Enquanto passava os olhos sobre as páginas das revistas amareladas pelo tempo, ouvi uma conversa vinda de uma mesa próxima a que eu estava. “Ela foi secretária do JK”. Olhei para ver quem era e descobri que seu nome era Cirlene Ramos, secretária do ex-presidente por muitos anos. Antes de ir embora, me dirigi até a Dona Cirlene e me apresentei, falei do meu projeto de mestrado. “O Lacerda era Governador da Guanabara quando fui convocada para ser professora no Rio de Janeiro”. Ela me falou que guardava com carinho o telegrama da convocação. “Espere um pouco que eu vou te mostrar uma coisa”.

Dona Cirlene entrou por uma porta e, após alguns minutos, voltou com um papel. “Esta é uma carta que o Juscelino escreveu para o Lacerda, mas nunca enviou”. Olhei aquele papel e quase tive um troço. Estava diante um documento inédito, escrito por Juscelino Kubitschek endereçada para Carlos Lacerda! Senti um arrepio. Li o escrito, fiz anotações. Era uma resposta de JK a outra carta enviada por Lacerda. Antes de ir embora, Dona Cirlene me mostrou a caderneta de telefones que JK trazia no bolso quando morreu em 1976. “Está vendo aquele ‘Cir’? Sou eu!” Dona Cirlene me disse que estava pensando em escrever um livro contando suas histórias enquanto foi secretária de Juscelino. Não sei se ela escreveu. Só sei que aquele dia que passei no Memorial JK, em julho de 2011, confirmou que a minha vocação, o meu chamado, é a História.
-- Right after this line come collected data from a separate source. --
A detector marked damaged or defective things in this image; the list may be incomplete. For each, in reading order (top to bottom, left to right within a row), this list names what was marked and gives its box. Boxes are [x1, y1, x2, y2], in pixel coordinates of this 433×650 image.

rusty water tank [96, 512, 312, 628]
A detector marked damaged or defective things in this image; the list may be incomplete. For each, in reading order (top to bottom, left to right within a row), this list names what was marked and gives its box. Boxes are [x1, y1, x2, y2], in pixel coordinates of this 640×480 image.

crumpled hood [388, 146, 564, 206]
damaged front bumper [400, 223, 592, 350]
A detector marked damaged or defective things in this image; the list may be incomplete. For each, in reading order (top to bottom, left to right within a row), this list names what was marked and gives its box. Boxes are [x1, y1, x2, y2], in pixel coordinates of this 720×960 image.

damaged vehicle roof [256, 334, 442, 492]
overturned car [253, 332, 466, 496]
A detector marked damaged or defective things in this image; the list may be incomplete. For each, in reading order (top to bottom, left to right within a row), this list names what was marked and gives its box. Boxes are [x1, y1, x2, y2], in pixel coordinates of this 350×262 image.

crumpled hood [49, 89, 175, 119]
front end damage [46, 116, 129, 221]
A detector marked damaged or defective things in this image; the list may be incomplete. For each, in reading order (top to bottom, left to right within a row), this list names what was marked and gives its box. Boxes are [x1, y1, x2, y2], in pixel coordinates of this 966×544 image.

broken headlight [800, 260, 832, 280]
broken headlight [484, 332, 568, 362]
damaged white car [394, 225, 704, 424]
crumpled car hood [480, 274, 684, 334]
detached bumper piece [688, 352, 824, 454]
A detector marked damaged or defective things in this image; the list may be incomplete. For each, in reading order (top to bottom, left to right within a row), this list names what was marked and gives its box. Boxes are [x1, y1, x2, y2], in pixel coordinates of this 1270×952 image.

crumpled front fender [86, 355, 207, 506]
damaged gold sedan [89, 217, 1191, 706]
Acredito que essa mesma emoção tenha sido experienciada pela historiadora Jussara Soares, moradora de Poços de Caldas, interior de Minas Gerais. Ela está cursando Museologia no Centro Universitário Leonardo Da Vinci e faz estágio no Museu Histórico e Geográfico de Poços de Caldas. No dia 28 de julho último, Jussara estava trabalhando na reorganização e digitalização do acervo do museu quando pegou um livro intitulado “Livro de Ouro” e descobriu que, no seu interior, tinha um tesouro histórico. Era uma carta escrita à mão pelo ex-presidente Juscelino Kubitschek em janeiro de 1961. Nela, o ex-presidente agradecia o apoio durante a sua gestão na Presidência da República e renovava seus esforços em lutar pelo bem do Brasil. “Sejam quais forem os rumos da minha vida pública, levarei comigo ao deixar o honroso posto que me confiou a vontade popular, o firme propósito de continuar servindo ao Brasil com a mesma fé, o mesmo entusiasmo e a mesma confiança nos seus altos destinos”. Naquela época, Kubitschek estava encerrando seu mandato e, ao escrever que desejava continuar servindo ao Brasil, ele demonstrava o desejo de voltar ao poder em 1966.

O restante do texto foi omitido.